Casi podía ver la indecisión escrita en la cara de Holmes. La señora Hudson entró en ese momento con un humeante puchero de café y la expresión fue sustituida por su familiar sonrisa.

– Ciertamente puedo hablar con él. Impedir un crimen por adelantado es preferible a resolverlo una vez se ha cometido el acto.

– ¿Entonces vendrá a Stoke Moran?

– Mañana tomaremos el primer tren que salga -prometió Holmes-. Puede reservamos una habitación en el mesón La Corona. Lo recuerdo como un alojamiento suficientemente agradable.
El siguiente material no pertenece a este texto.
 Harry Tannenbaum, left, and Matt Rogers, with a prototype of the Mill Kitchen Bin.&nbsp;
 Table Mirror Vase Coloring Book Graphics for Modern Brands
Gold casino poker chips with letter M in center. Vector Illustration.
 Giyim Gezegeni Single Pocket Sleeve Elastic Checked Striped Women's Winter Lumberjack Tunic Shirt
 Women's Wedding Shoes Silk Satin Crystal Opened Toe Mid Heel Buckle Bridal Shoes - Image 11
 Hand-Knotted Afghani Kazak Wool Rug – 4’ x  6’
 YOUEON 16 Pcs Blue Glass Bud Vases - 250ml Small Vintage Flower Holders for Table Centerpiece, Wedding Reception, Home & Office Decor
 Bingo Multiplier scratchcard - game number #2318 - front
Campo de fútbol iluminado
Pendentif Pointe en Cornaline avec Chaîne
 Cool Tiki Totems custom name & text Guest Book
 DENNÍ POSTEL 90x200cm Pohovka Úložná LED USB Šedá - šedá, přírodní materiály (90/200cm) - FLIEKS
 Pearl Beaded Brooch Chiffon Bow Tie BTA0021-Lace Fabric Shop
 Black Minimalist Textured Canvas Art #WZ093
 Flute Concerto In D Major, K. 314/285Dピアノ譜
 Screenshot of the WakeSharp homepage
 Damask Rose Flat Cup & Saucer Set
Nuestro visitante se marchó después de tomar el café, y Holmes observó por la ventana cómo se alejaba.

– ¿Qué sucede? -pregunté-. Parece incómodo, Holmes.

– Toda la historia parece rebuscada en extremo, Watson. Esta historia de una segunda serpiente quizá no sea más que un truco gitano de alguna clase.

– ¿Por qué vamos entonces?

Holmes sonrió antes de contestarme.

– Si es una trampa, deseo averiguar cuál es su propósito, y si representa algún peligro para la señorita Stoner cuando vuelva de sus viajes.

Recordando nuestra anterior excursión a Stoke Moran, metí mi revólver en el bolsillo del abrigo cuando salimos por la mañana. Era un húmedo día de otoño, uno de los primeros que seguían a un verano inusualmente agradable. El tren de la estación de Waterloo llegó a su hora y lo tomamos hasta Leatherhead, alquilando un coche en la taberna de la estación, tal y como hicimos en el viaje precedente, casi seis meses antes.

– Esta vez el tiempo no es tan agradable -remarcó Sherlock Holmes-. Pero la primavera siempre alberga más promesas que el otoño. ¡Mire, Watson! ¡Ahí está el campamento gitano!

Estábamos pasando ante el frontón gris y el elevado y puntiagudo tejado de la mansión del difunto Grimesby Roylott, y a lo lejos, casi a la misma distancia en que estaba la arboleda, podía verse el hilillo de humo de un fuego de campamento.

– Cierto. Creo que puedo ver a uno de esos animales, la cheetah, rondando en libertad.

– ¡Conductor, haga el favor de dejarnos aquí! -gritó Holmes.

– Hay una caminata de una milla hasta el pueblo -dijo el conductor de sombrero negro volviéndose hacia nosotros.

– No importa. La recorreremos a pie.

– Es todo recto por este camino.

Holmes le pagó y bajamos del coche, contemplando cómo daba la vuelta para regresar a Leatherhead. Entonces empezamos a caminar por el campo, cruzando la valla que bordeaba el camino y subiendo por la suave cuesta de la colina, en dirección al campamento gitano. Al acercarnos, la cheetah sintió nuestro olor y se agazapó. Durante un tenso momento, mi mano buscó mi revólver en el bolsillo del abrigo, pero entonces apareció un joven gitano, con una colorida camisa, y corrió para coger al animal del cuello.